BURLINGTON WEATHER

Neighbors in Arms: Burlington and the Revolution

From the first alarm at Lexington and Concord to service in the Continental Army, the story of Burlington’s militia traces the opening years of the American Revolution.

Neighbors in Arms: Burlington and the Revolution

The United States is celebrating the 250th anniversary of the signing of the Declaration of Independence this summer. Here in Massachusetts, the commemoration reminds us of two important facts: First, the American Revolution started just down the road with the Battles of Lexington and Concord; Second, if it hadn’t been for our militia responding in one minute on April 19, 1775, there would not be a Declaration today.

The story of the involvement of Burlington’s militia in that battle is typically told as follows: Burlington, which was then the second precinct of Woburn, fought with Colonel David Green’s 2nd Regiment of Foot, with the 3rd Company under the command of Captain Joshua Walker. On that day Captain Walker had about 78 men. The company arrived at Lexington Green minutes after the first skirmish of the War, stayed to help with the wounded, and pursued the British to Concord. They established a defensive position on the Concord Road at what would become known as the Bloody Angle. There, eight British soldiers were killed or wounded.

Burlington was involved in another important way that day: The first British prisoners were taken to the Reed saw mill, located at what is now the Burlington Mall parking lot, as James Reed recounted on January 19, 1825: “I also saw a British soldier march up the road, near said meeting-house, and Joshua Reed of Woburn met him, and demanded him to surrender. He then took his arms and equipments from him, and I took charge of him, and took him to my house…” Reed went on to tell of a handful of other prisoners that were conveyed to his property before being taken to a less prominent location.
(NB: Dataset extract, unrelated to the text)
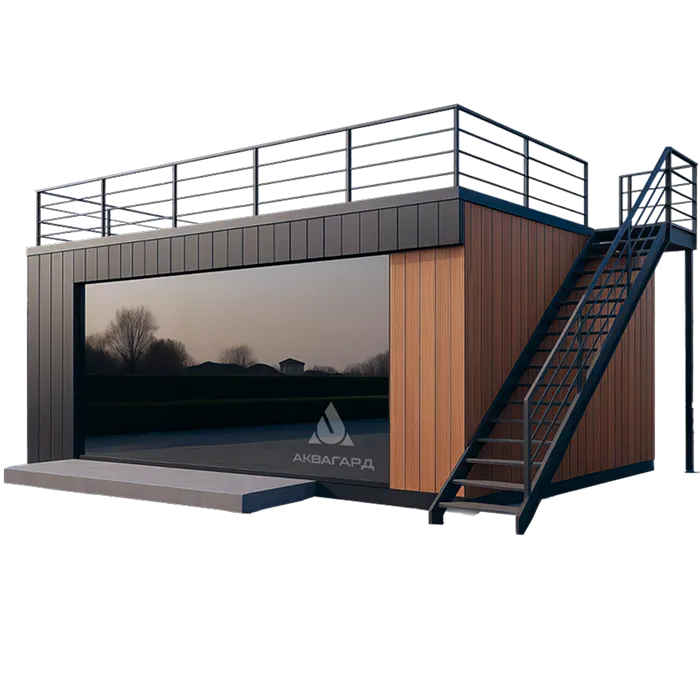 Локальные очистные сооружения хозбытового стока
By the end of that April day, militia from throughout New England surrounded Boston; the Woburn militia joined their comrades in Charlestown.
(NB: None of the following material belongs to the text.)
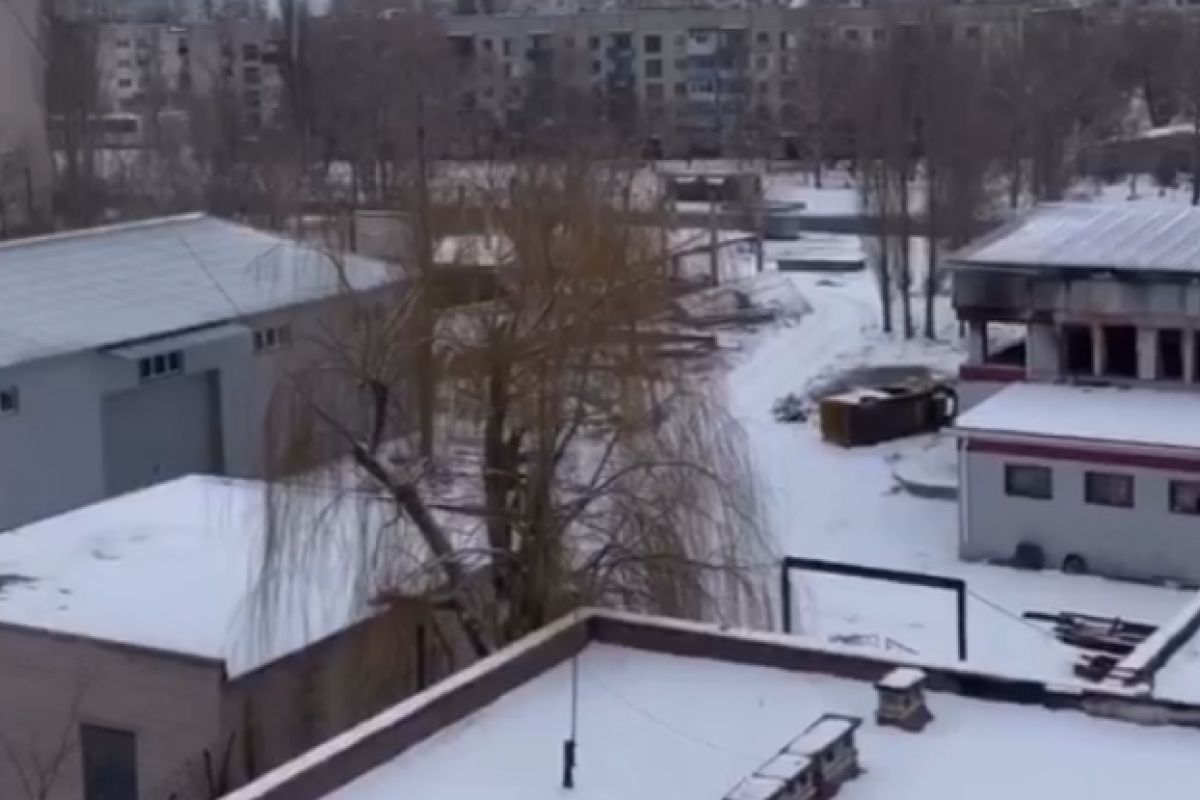 Звуки війни зняла на відео жителька Рубіжного: "Що накоїли - жах!" Звуки війни зняла на відео жителька Рубіжного: "Що накоїли - жах!"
On June 15, 1775, the British tried to break the siege, forcing the militia to retreat from the Charlestown peninsula in the battle of Bunker Hill. Although the British technically prevailed, the victory came at a staggering cost of over 1,000 casualties, and the command decided breaking the siege would be too costly.
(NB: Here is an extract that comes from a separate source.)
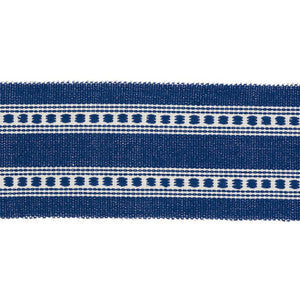 Schumacher Trim Lubeck Tape Navy 79111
Two weeks later, George Washington arrived in Cambridge and formally took command of the Continental Army. For the militia, it marked the beginning of a difficult transition. Washington expected a trained army capable of standing toe-to-toe with British regulars. What he found instead were citizen-soldiers whose bonds of familiarity—officers and enlisted men often being neighbors—did not fit the strict military hierarchy he intended to impose.

The situation shifted in March 1776 when General Henry Knox arrived with artillery hauled from Fort Ticonderoga. The guns were positioned on the heights above Boston, forcing the British to evacuate the city for Halifax. With Boston secured, Washington moved his army to New York City, where the next phase of the war would unfold—and where some of the Woburn men almost certainly followed.

Military records, fragmentary as they are, hint at that movement. James Bennett, for example, appears repeatedly in the rolls: serving in 1775 with Capt. Joshua Walker’s company after the alarm of April 19; later enlisting under Capt. John Wood in Cambridge; and by June 1776 turning up in New York, where he drew pay and signed receipts for arms. His record suggests he marched with Washington’s forces and likely participated in the New York and New Jersey campaign of 1776.

Others from the same circle followed similar paths. Capt. Joshua Walker continued into the Continental service, eventually commanding Woburn companies and later serving in detachments ordered toward the Hudson and beyond. James Reed also transitioned from local militia service into Continental regiments, receiving pay and uniform allowances while the army reorganized in the field. Piece by piece, the records show the same pattern: men who began as local militia became part of a shifting national army whose movements carried them far from Massachusetts.

But as the war moved south, the story of these men became harder to follow. Their identity as a single company dissolved into the larger Continental Army. Their individual service survives in scattered entries—musters, pay rolls, and receipts—rather than in unified narratives of battle.

Lexington, Concord, and Bunker Hill are in our backyard; we know a lot about those battles and are proud of our forefathers who fought. When the combatants moved south, the war was something happening elsewhere. When it was over we celebrated collectively and welcomed our heroes who came home.

By the time the war finally ended, the outcome was not yet visible from the New England towns where it had begun. That came later, in October 1781, when British forces surrendered to George Washington at Yorktown, effectively ending major combat operations and securing American independence.